### TASK
The records that follow should be retyped word for word.

[MATERIAL PROVIDED Boundary: Start]

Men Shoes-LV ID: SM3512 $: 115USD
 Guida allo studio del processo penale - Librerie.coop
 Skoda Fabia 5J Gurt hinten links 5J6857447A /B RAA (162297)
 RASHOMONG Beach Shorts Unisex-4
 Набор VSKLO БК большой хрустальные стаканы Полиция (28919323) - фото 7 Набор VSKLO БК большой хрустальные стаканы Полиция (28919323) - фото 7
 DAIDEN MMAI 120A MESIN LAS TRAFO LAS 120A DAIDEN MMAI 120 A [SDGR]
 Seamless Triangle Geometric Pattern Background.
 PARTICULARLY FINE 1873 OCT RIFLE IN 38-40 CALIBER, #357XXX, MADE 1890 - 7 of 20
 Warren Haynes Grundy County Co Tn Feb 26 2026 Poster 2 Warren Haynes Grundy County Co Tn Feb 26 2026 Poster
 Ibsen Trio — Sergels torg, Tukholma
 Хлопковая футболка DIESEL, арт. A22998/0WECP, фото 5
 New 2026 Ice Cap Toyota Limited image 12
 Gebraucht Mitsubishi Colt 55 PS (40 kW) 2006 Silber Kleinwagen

[MATERIAL PROVIDED Boundary: End]

### THE ANSWER
Men Shoes-LV ID: SM3512 $: 115USD
 Guida allo studio del processo penale - Librerie.coop
 Skoda Fabia 5J Gurt hinten links 5J6857447A /B RAA (162297)
 RASHOMONG Beach Shorts Unisex-4
 Набор VSKLO БК большой хрустальные стаканы Полиция (28919323) - фото 7 Набор VSKLO БК большой хрустальные стаканы Полиция (28919323) - фото 7
 DAIDEN MMAI 120A MESIN LAS TRAFO LAS 120A DAIDEN MMAI 120 A [SDGR]
 Seamless Triangle Geometric Pattern Background.
 PARTICULARLY FINE 1873 OCT RIFLE IN 38-40 CALIBER, #357XXX, MADE 1890 - 7 of 20
 Warren Haynes Grundy County Co Tn Feb 26 2026 Poster 2 Warren Haynes Grundy County Co Tn Feb 26 2026 Poster
 Ibsen Trio — Sergels torg, Tukholma
 Хлопковая футболка DIESEL, арт. A22998/0WECP, фото 5
 New 2026 Ice Cap Toyota Limited image 12
 Gebraucht Mitsubishi Colt 55 PS (40 kW) 2006 Silber Kleinwagen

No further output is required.